3.3. Spatiotemporal Graph Autoencoder Network for Skeleton-Based HAR Algorithm

This study proposes a potent spatiotemporal graph autoencoder network, named GA-GCN, for skeleton-based HAR. Previous research has shown that using graphs is more efficient for this task [21,30], so we chose to represent the human skeleton as a graph with the nature of each joint. The autoencoder network is composed of 10 fundamental blocks divided into decoder and encoder parts. A global average pooling layer and a softmax classifier are used to predict action labels. A pooling layer was added after each encoder block to minimize the overall number of joints by half, and each block of the decoder is preceded by an unpooling layer to double the joints. The number of input channels and joints in the autoencoder blocks are (64,25)-(64,13)-(64,7)(64,4)-(128,2)-(64,2)-(64,4)-(256,7)-(192,13)-(256,25). Strided temporal convolution reduced the temporal dimensions by half in the fifth and eighth blocks. Figure 2 demonstrates the proposed network pipeline, GA-GCN.

3.4. Spatiotemporal Input Representations

Spatiotemporal representations refer to data or information that reflects the spatial and temporal dimensions. The input of spatiotemporal representations consists of video data represented by skeletal sequences. A resizing process was applied to each sample, resulting in a total of 64 frames.

3.5. Modalities of GA-GCN

The data from eight different modalities: joint, joint motion, bone, bone motion, joint fast motion, joint motion fast motion, bone fast motion, and bone motion fast motion were combined. Table 1 lists the configuration used for each modality. Basically, the values of the three variables (bone, vel, and fast-motion) were changed to obtain eight different modalities.

Firstly, the data are the same as the values of joints in a frame for all the frames in the dataset; then, if the bone flag is true, the values of data for joints are updated to reflect the difference between the values of bone pairs in each frame. Then, if the vel flag is true, the values of data for joints in the current frame are updated to reflect the difference between the values of joints in the next frame and the current frame. Finally, if the fast-motion flag is true, the values of the data for joints are updated to the average of the values from the previous, current, and next frame.

4. Results

This section details the implementation specifics and the empirical findings of the study.

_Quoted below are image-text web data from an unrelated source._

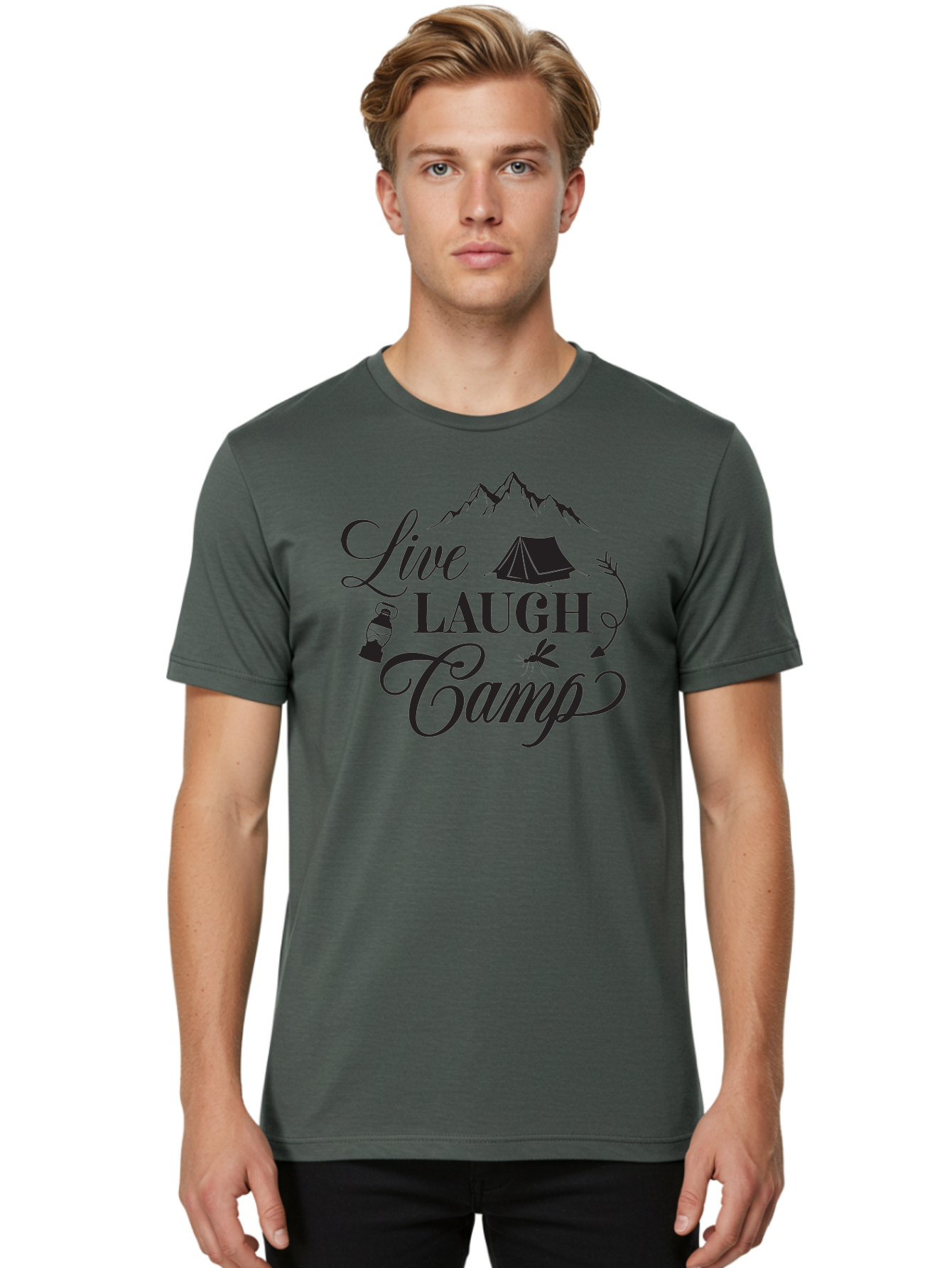 Live-Laugh-Camp Men'S Graphic Tee, 100% Cotton, Comfortable Casual Summer Wear, Machine Washable, Camping Adventure, Outdoor Fun, Tent, Mountains, Lantern, Mosquito, Campfire, Nature Escape, Wilderness Experience, Outdoor Recreation Aac961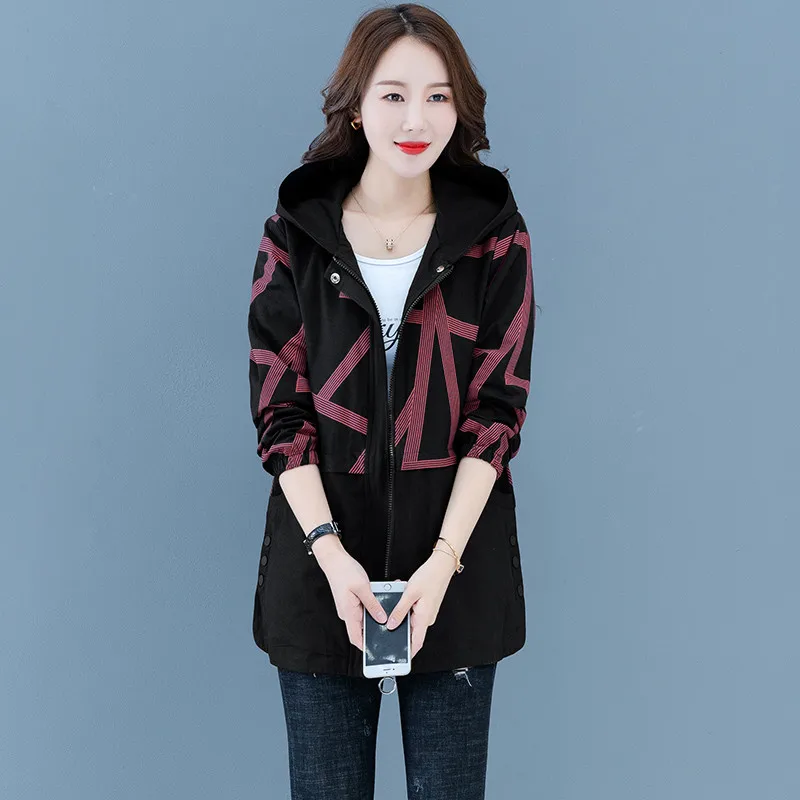 Spring Autumn New Print Thin Trench Coat Women Hooded Outerwear Loose Female Windbreaker Casual Tops Ladies Femme Top G1042
Spring Autumn New Print Thin Trench Coat Women Hooded Outerwear Loose Female Windbreaker Casual Tops Ladies Femme Top G1042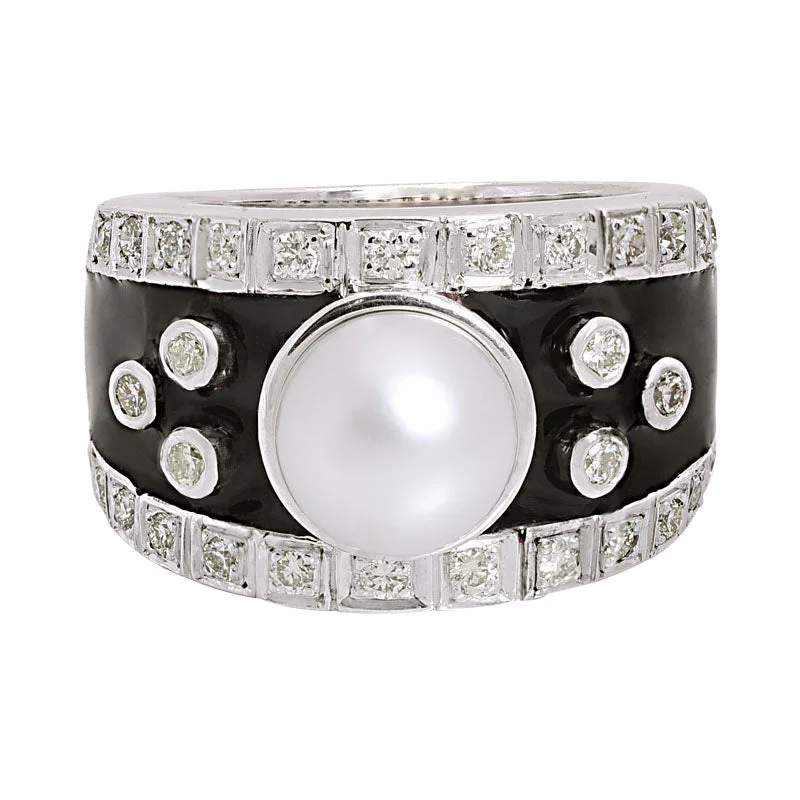 unique wedding rings for women -Ring-South Sea Pearl and Diamond (Enamel)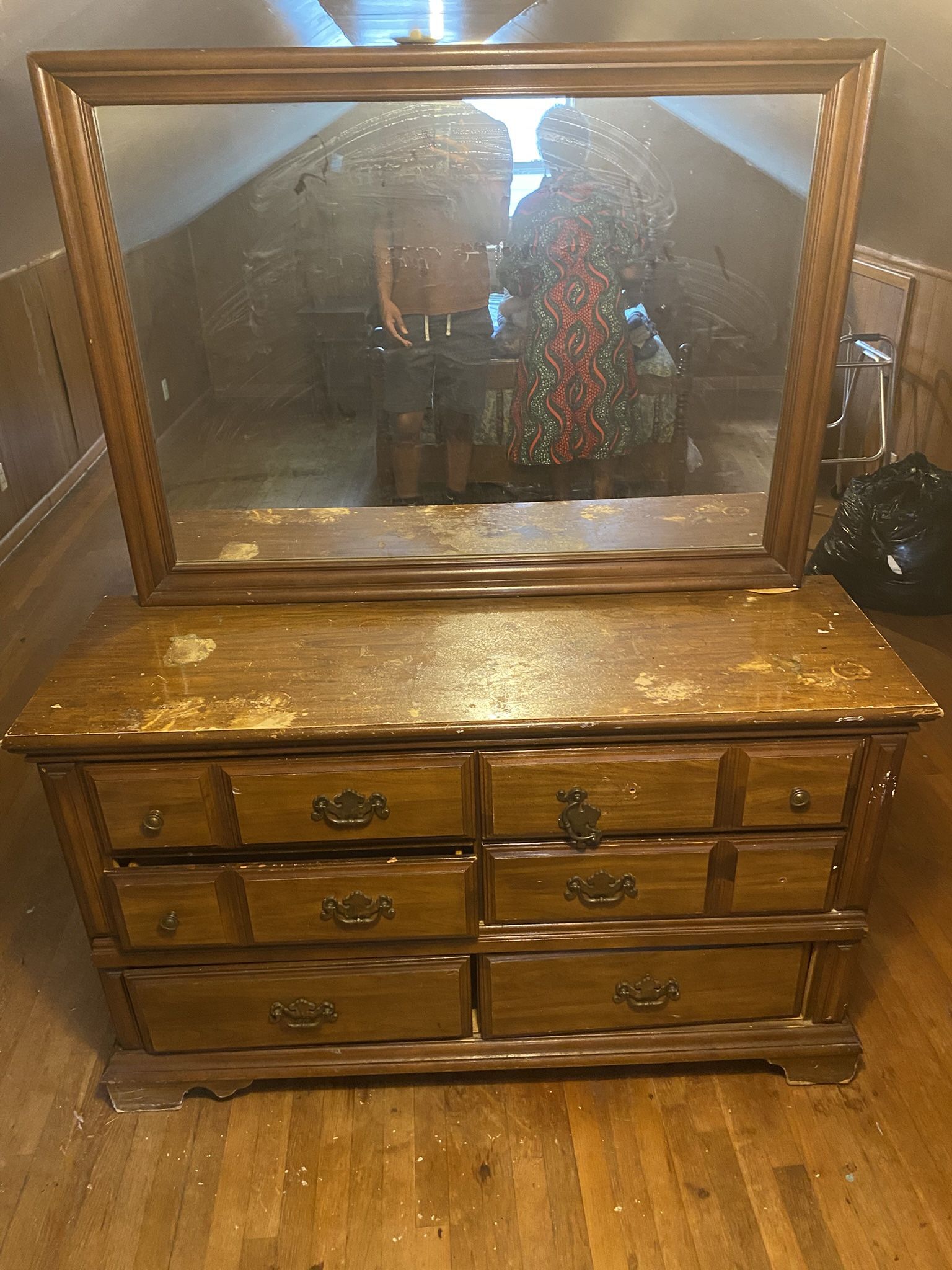 Wooden Six- Drawer Dresser With Mirror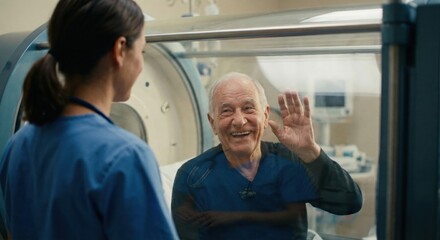 Obraz premium Elderly patient smiling in hyperbaric chamber with nurse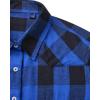 Alimens & Gentle Womens Flannel Shirt Long Sleeve Plaid Shacket Soft Casual Collared Loose Button Down Roll Up Blouses Tops(Blue Black)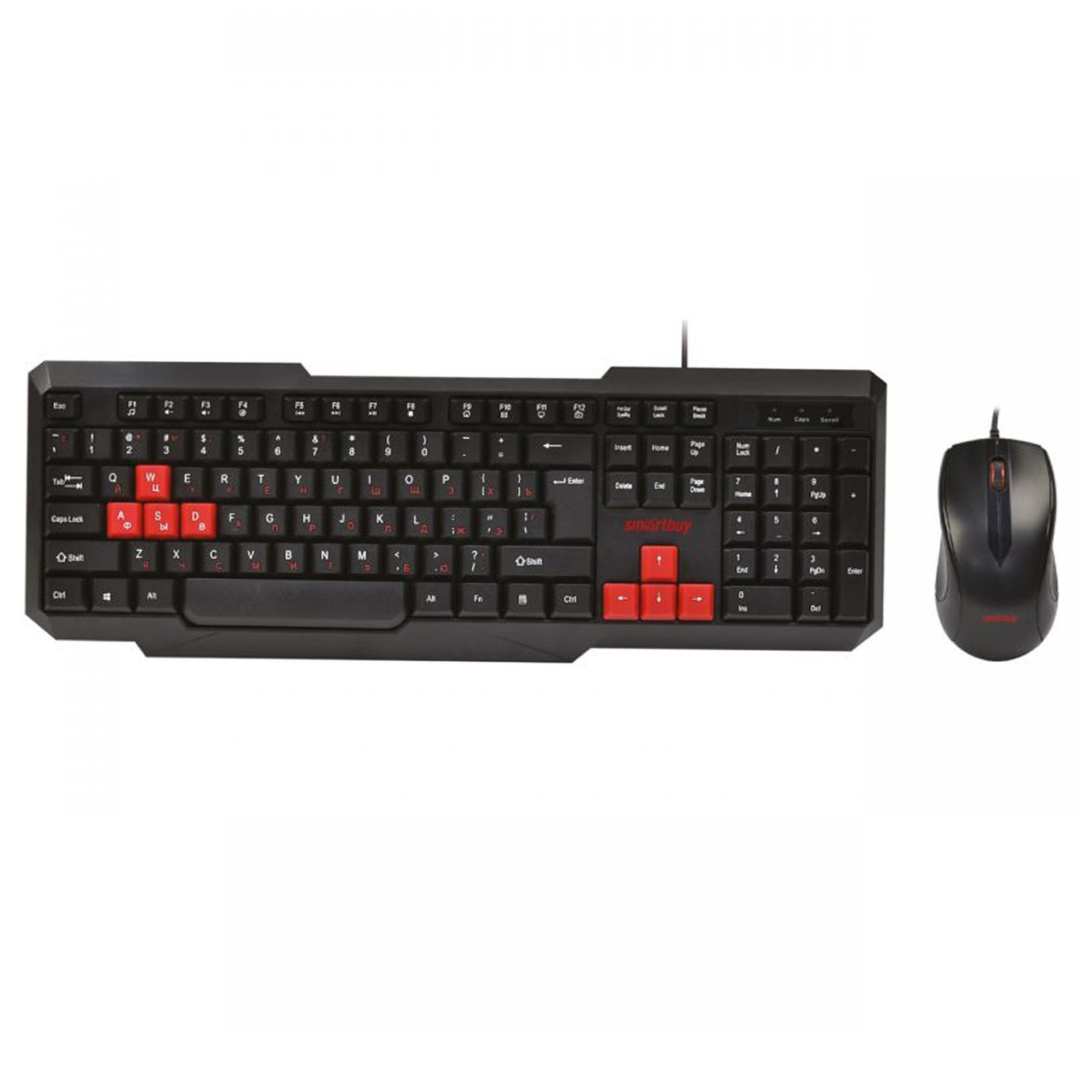 Проводной набор Smart Buy SBC-230346-KR ONE мембранная, игровая клавиатура+мышь (black/red) (116567)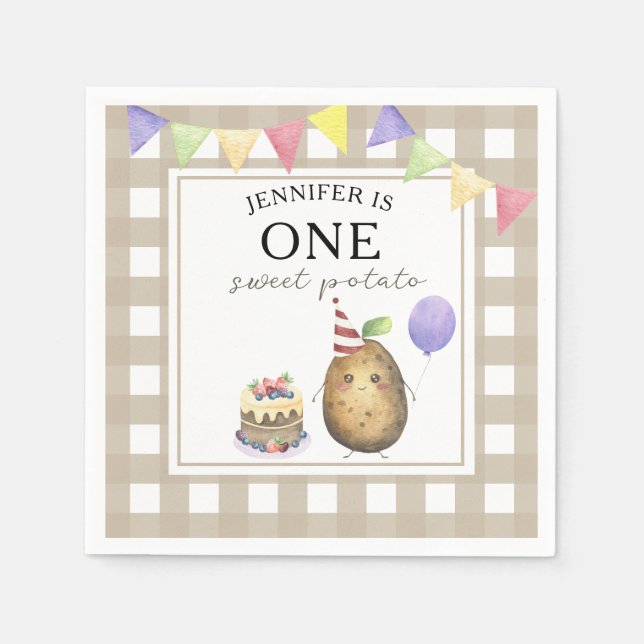 Serviette En Papier Potiron aquarelle 1er anniversaire (Devant)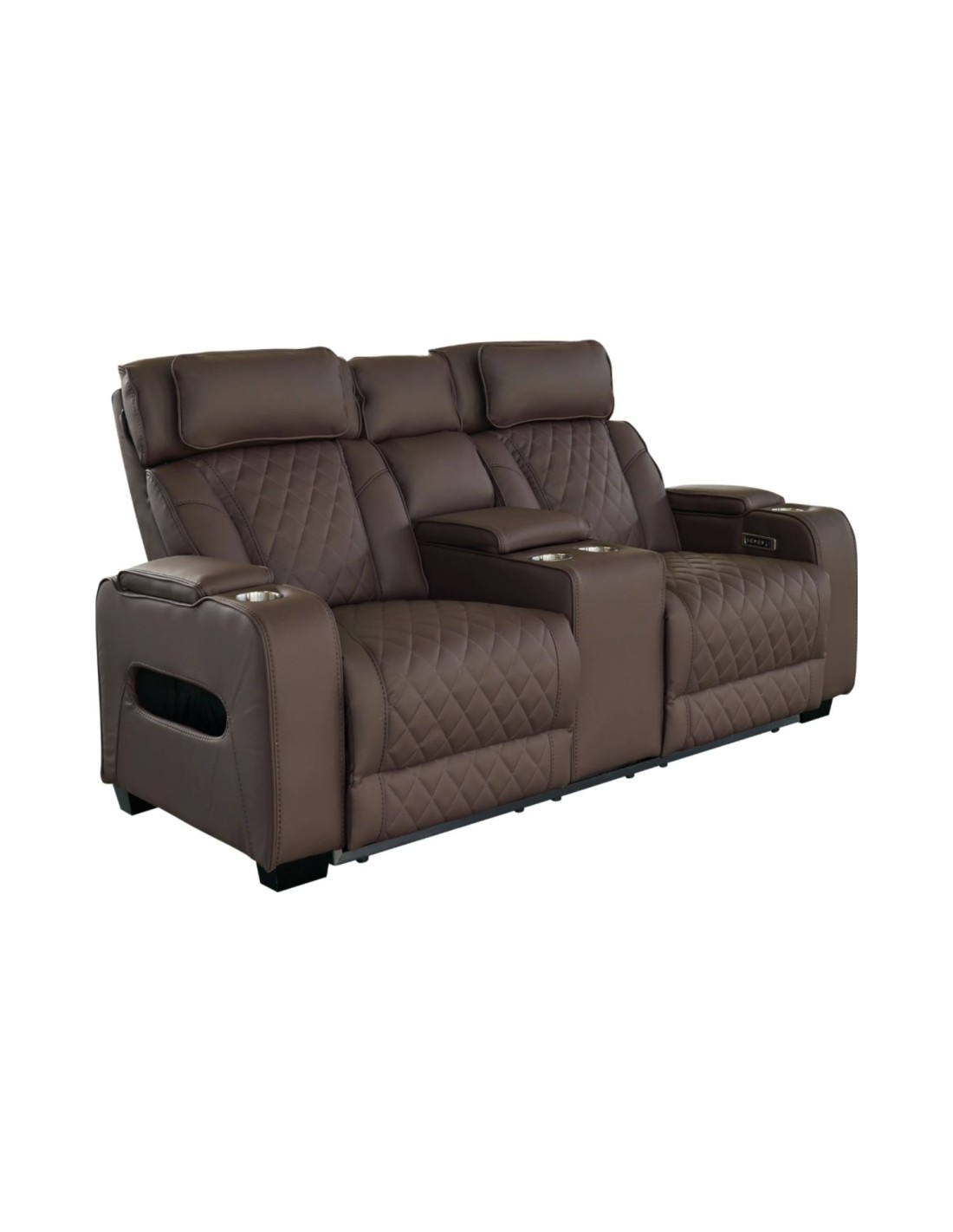 Canapé Cinéma Relax Électrique Domus 2 Places En Similicuir – Marron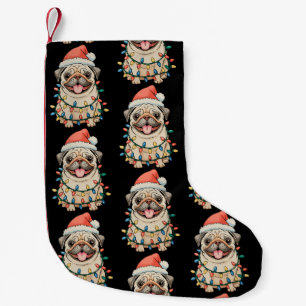 Pug Christmas Dog Sant Hat Xmas Lights Pugmas Small Christmas Stocking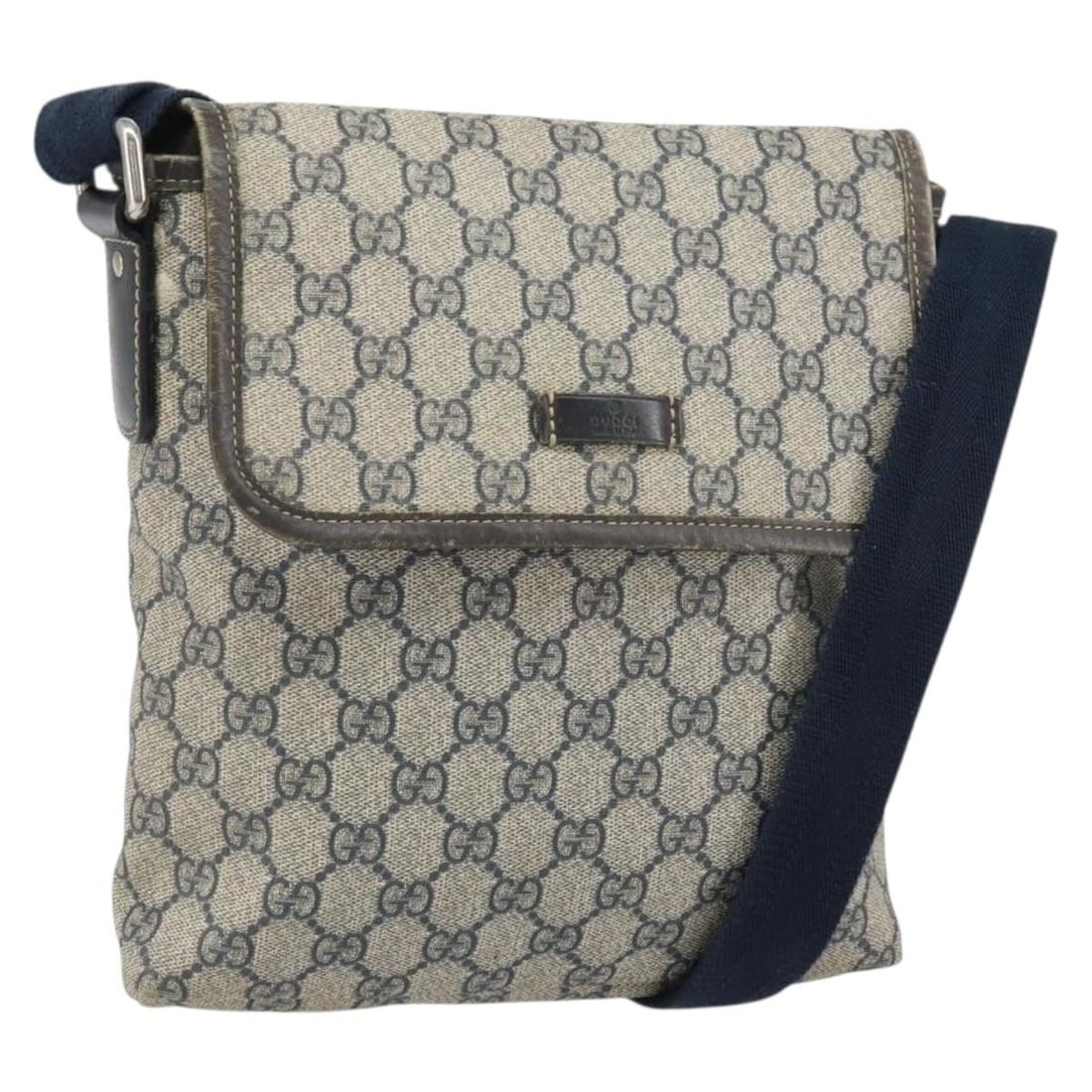 Navy Silver GG Supreme Shoulder Bag by Gucci PVC Leather 223666: Navy Silver GG Supreme Shoulder Bag by Gucci PVC Leather 223666 This GUCCI GG Supreme shoulder bag features a combination of PVC leather and GG canvas in navy and silver tones. Made in Italy, it is de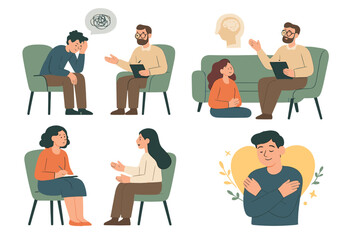 Diverse people seeking mental health therapy sessions, counseling, and practicing self-care concepts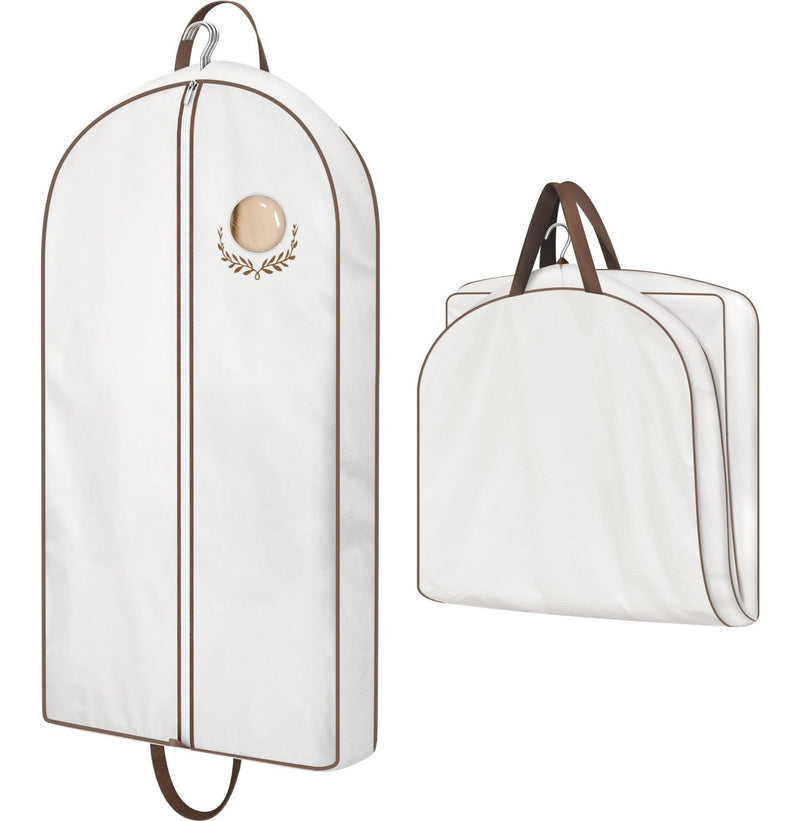 MISSLO 40" Cotton Garment Bags for Hanging Clothes Breathable Suit Cover Luxury Hanging Clothes Storage Foldable Coat Covers for Closet & Travel for Jacket, Shirt, Dress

4.1. Implementation Details

The experiments were conducted using the PyTorch framework and executed on a single NVIDIA A100 Tensor Core GPU. The models were trained using Stochastic Gradient Descent (SGD) with a momentum value of 0.9 and a weight decay value of 0.0004. To enhance the stability of the training process, a warming strategy was implemented during the initial five epochs, as outlined in the study by He et al. [31]. Furthermore, the model was trained for 65 epochs, with the learning rate decreased by 0.1 at epochs 35 and 55. For both the NTU RGB+D and NTU RGB+D 120 datasets, each sample was resized to 64 frames. Additionally, the data pre-processing method described by Zhang et al. [28] was employed.

4.2. Experimental Results

The performance of the GA-GCN model on the NTU RGB+D 60 dataset is illustrated through the confusion matrix, precision, recall, F1-score, and specificity metrics. Figure 3 shows the confusion matrix for the cross-view evaluation, detailing the model’s ability to classify actions correctly across different camera views. Figure 4 illustrates these metrics for the cross-view evaluation, each bar represents a distinct action class, illustrating the model’s performance in terms of precision (positive predictive value), recall (sensitivity), the F1-score (harmonic mean of precision and recall), and specificity (negative predictive value). Figure 5 presents the confusion matrix for the cross-subject evaluation, highlighting the model’s performance across different subjects. Figure 6 presents the precision, recall, F1-score and specificity for the cross-subject evaluation, highlighting the model’s ability to recognize actions performed by different subjects. These figures reveal areas of high accuracy as well as common misclassifications, providing a comprehensive overview of GA-GCN’s effectiveness in human action recognition for all 60 classes.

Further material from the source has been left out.